DATA EXTRACTS:
* * * * * * *
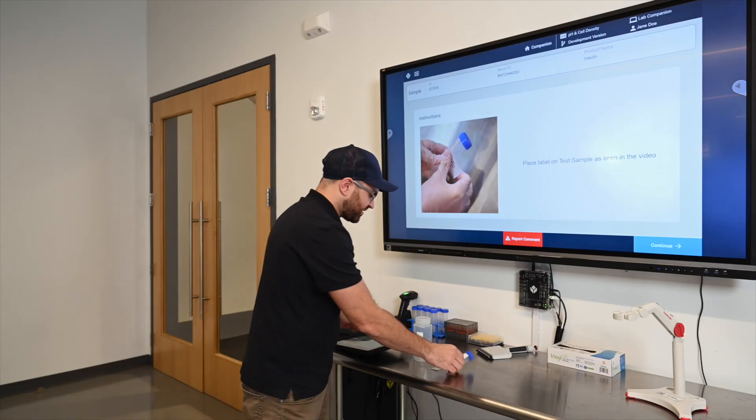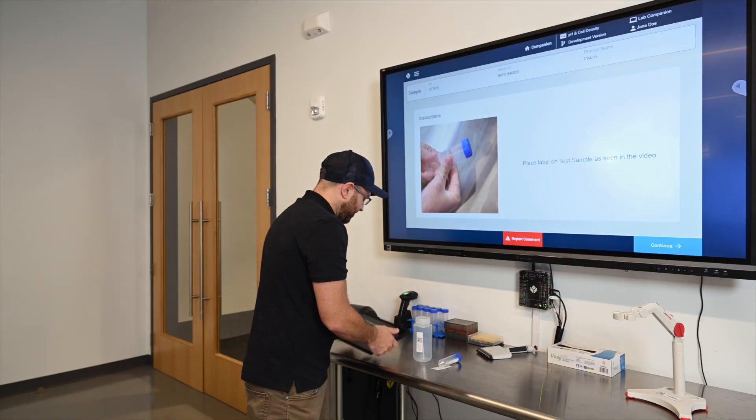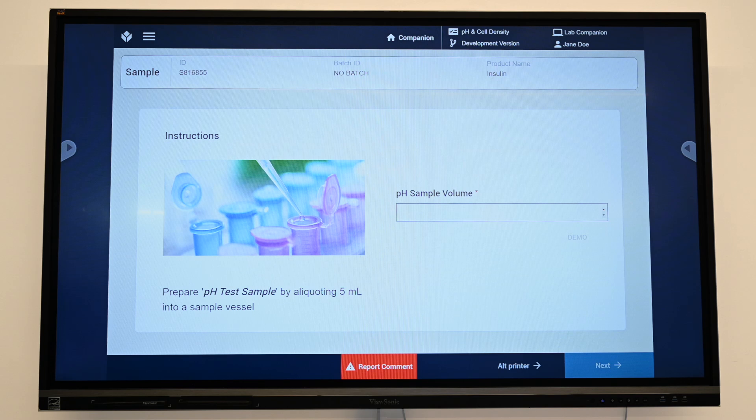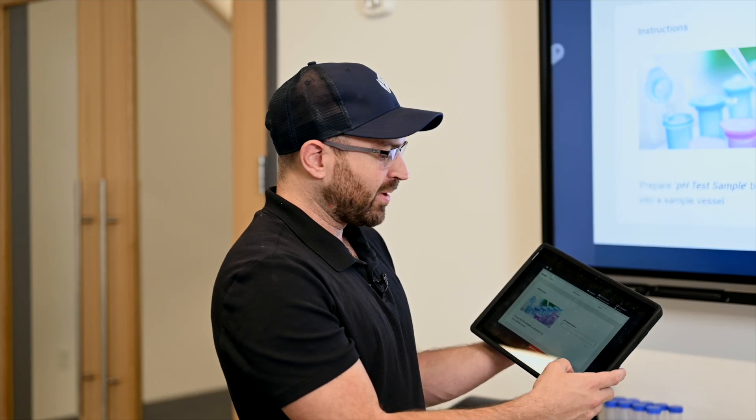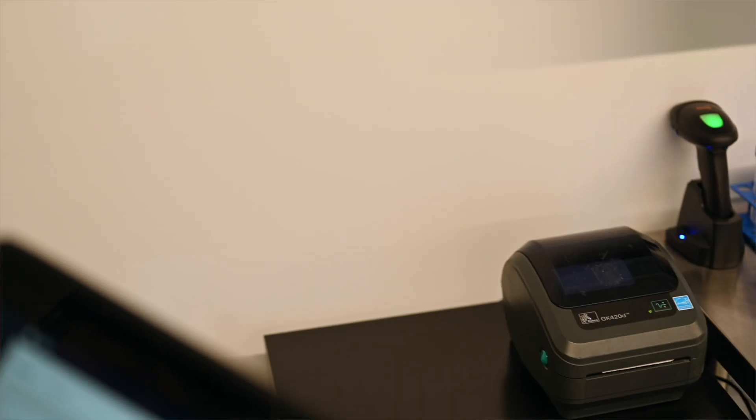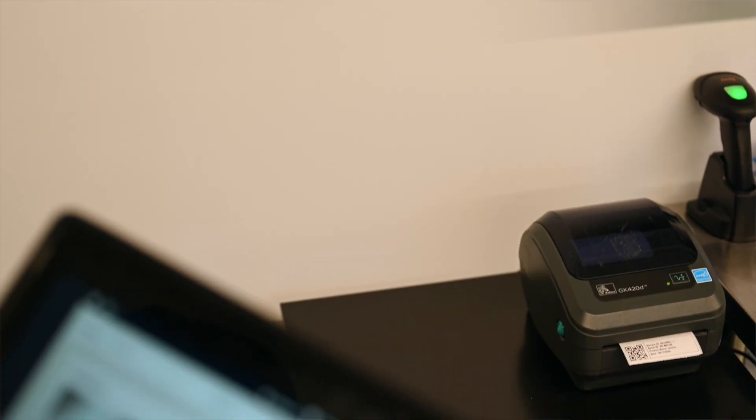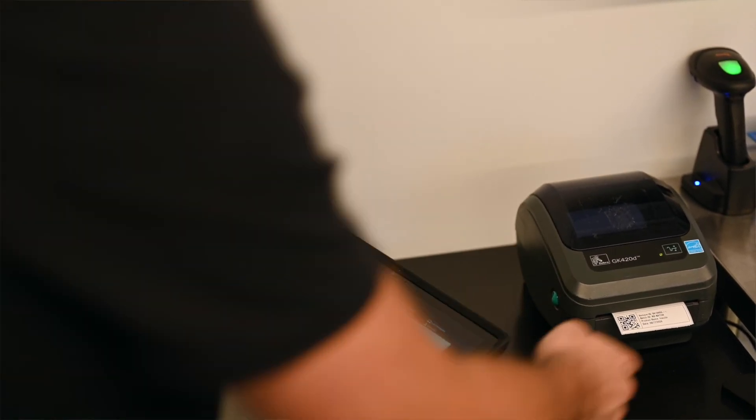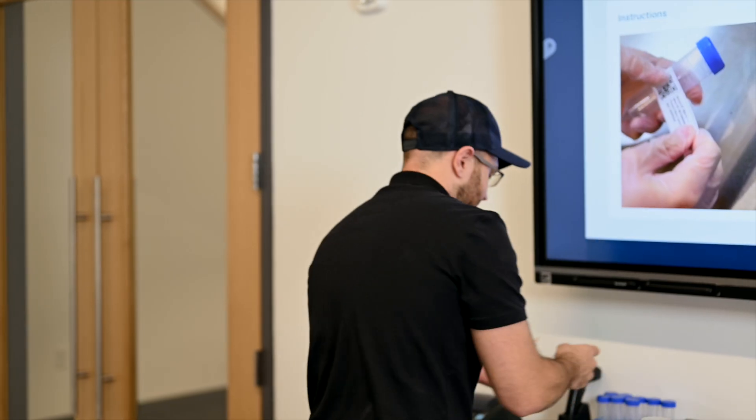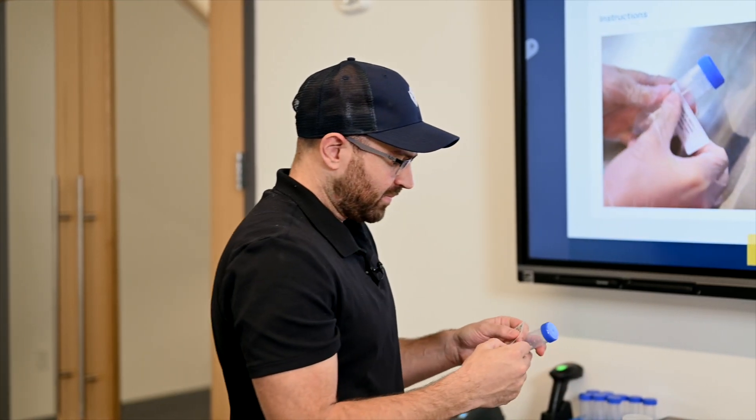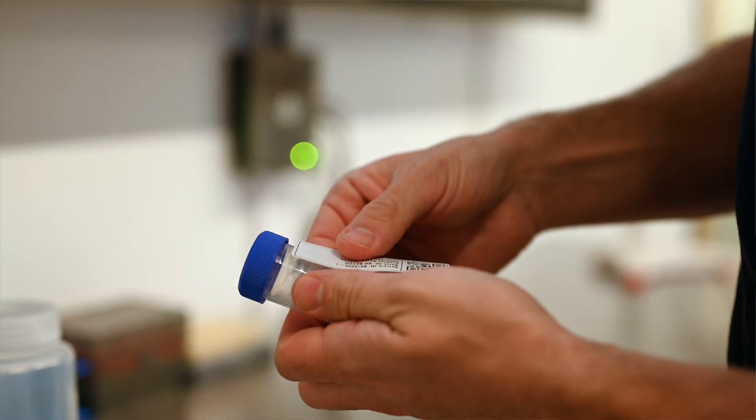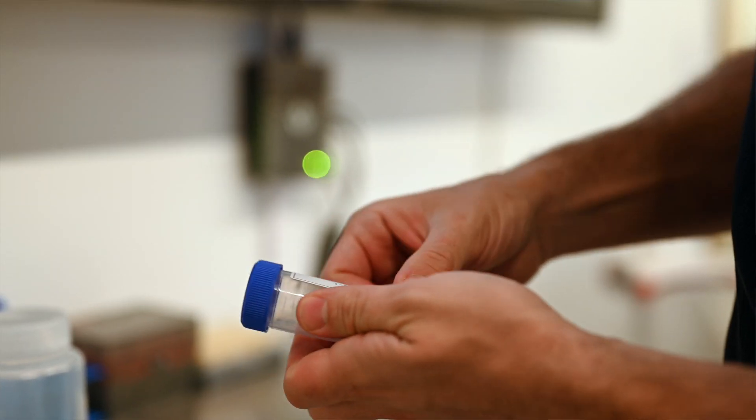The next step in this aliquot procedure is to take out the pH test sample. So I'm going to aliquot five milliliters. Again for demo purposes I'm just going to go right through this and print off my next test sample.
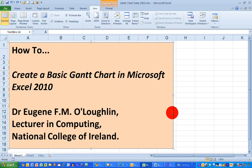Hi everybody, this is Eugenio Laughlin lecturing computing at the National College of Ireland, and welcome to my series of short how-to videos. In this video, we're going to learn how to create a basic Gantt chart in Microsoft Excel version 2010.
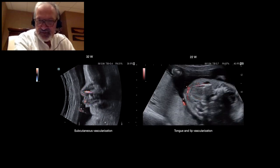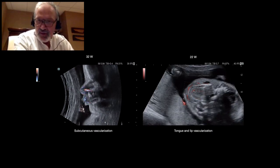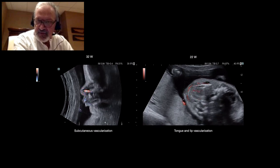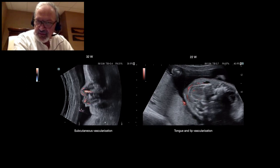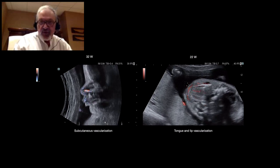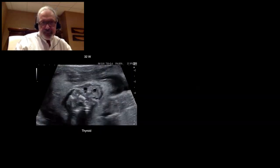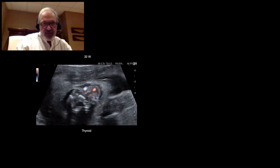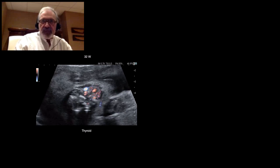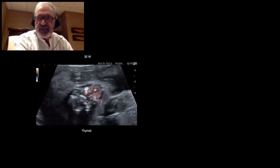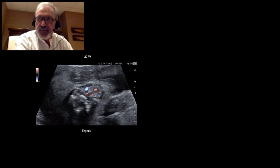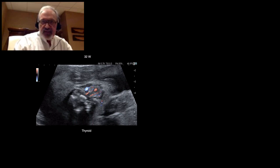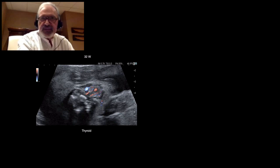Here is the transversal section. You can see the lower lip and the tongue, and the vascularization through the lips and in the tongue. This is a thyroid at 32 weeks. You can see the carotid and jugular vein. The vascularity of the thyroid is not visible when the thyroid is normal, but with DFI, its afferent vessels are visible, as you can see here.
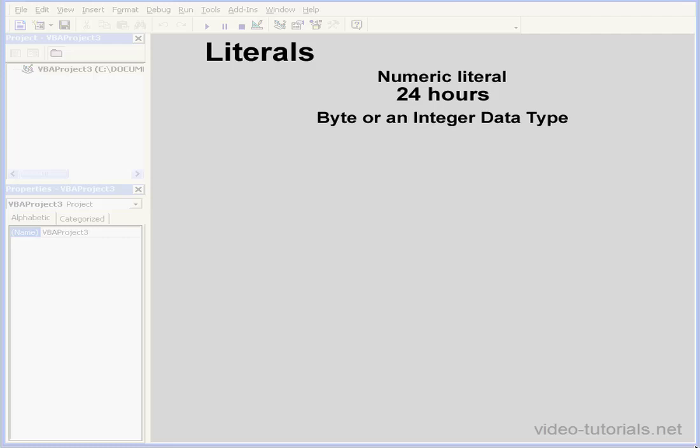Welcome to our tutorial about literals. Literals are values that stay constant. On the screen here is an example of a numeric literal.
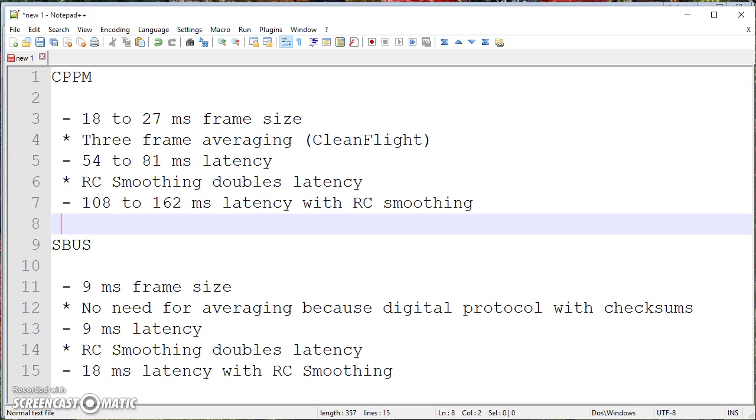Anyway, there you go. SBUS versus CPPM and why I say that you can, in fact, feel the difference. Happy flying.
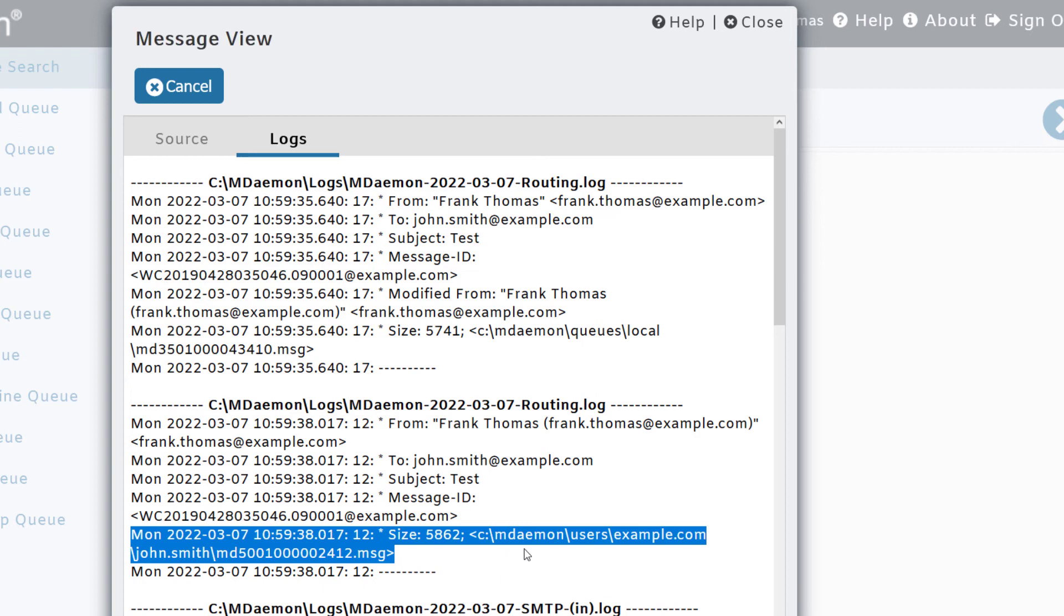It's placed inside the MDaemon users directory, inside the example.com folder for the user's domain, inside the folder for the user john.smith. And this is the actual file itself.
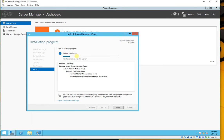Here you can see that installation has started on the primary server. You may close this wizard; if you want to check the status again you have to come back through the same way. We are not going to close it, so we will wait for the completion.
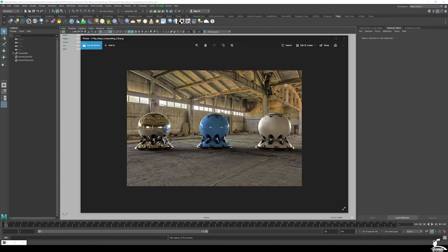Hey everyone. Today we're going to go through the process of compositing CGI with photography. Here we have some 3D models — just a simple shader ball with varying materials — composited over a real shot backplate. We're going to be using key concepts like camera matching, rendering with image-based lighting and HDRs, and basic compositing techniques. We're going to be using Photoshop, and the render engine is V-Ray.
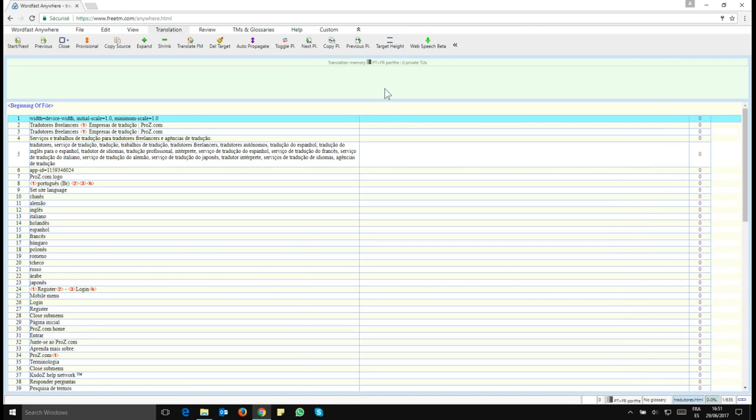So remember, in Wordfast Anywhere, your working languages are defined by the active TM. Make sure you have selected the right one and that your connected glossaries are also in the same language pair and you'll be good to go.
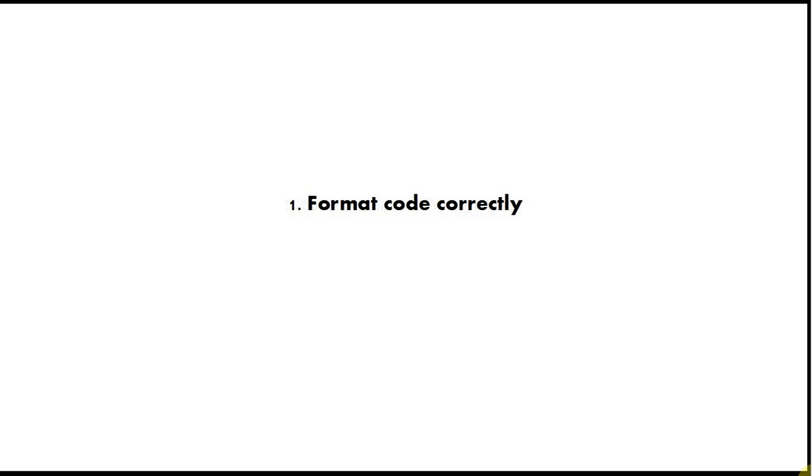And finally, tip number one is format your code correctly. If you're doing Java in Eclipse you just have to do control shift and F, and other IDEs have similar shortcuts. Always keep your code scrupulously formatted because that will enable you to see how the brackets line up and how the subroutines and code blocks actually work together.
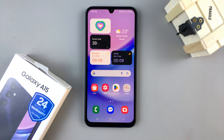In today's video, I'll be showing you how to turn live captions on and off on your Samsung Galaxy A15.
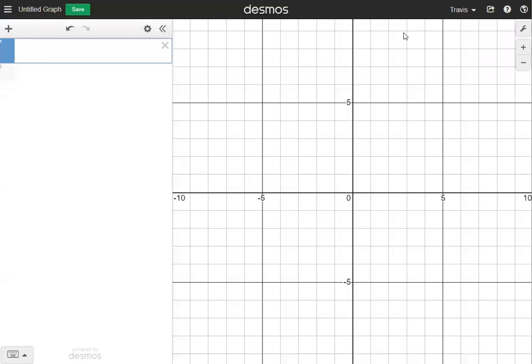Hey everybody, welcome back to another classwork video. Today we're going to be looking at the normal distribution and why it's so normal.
* * * * * * *
TASK DETAILS:
All of the entries, apart from the pictures, must be returned exactly.

SOLVED PROBLEM:
The next step in this aliquot procedure is to take out the pH test sample. So I'm going to aliquot five milliliters. Again for demo purposes I'm just going to go right through this and print off my next test sample.
Hi everybody, this is Eugenio Laughlin lecturing computing at the National College of Ireland, and welcome to my series of short how-to videos. In this video, we're going to learn how to create a basic Gantt chart in Microsoft Excel version 2010.
Here is the transversal section. You can see the lower lip and the tongue, and the vascularization through the lips and in the tongue. This is a thyroid at 32 weeks. You can see the carotid and jugular vein. The vascularity of the thyroid is not visible when the thyroid is normal, but with DFI, its afferent vessels are visible, as you can see here.
Welcome to our tutorial about literals. Literals are values that stay constant. On the screen here is an example of a numeric literal.
Anyway, there you go. SBUS versus CPPM and why I say that you can, in fact, feel the difference. Happy flying.
It's placed inside the MDaemon users directory, inside the example.com folder for the user's domain, inside the folder for the user john.smith. And this is the actual file itself.
Here you can see that installation has started on the primary server. You may close this wizard; if you want to check the status again you have to come back through the same way. We are not going to close it, so we will wait for the completion.
Hey everyone. Today we're going to go through the process of compositing CGI with photography. Here we have some 3D models — just a simple shader ball with varying materials — composited over a real shot backplate. We're going to be using key concepts like camera matching, rendering with image-based lighting and HDRs, and basic compositing techniques. We're going to be using Photoshop, and the render engine is V-Ray.
So remember, in Wordfast Anywhere, your working languages are defined by the active TM. Make sure you have selected the right one and that your connected glossaries are also in the same language pair and you'll be good to go.
And finally, tip number one is format your code correctly. If you're doing Java in Eclipse you just have to do control shift and F, and other IDEs have similar shortcuts. Always keep your code scrupulously formatted because that will enable you to see how the brackets line up and how the subroutines and code blocks actually work together.
In today's video, I'll be showing you how to turn live captions on and off on your Samsung Galaxy A15.
Hey everybody, welcome back to another classwork video. Today we're going to be looking at the normal distribution and why it's so normal.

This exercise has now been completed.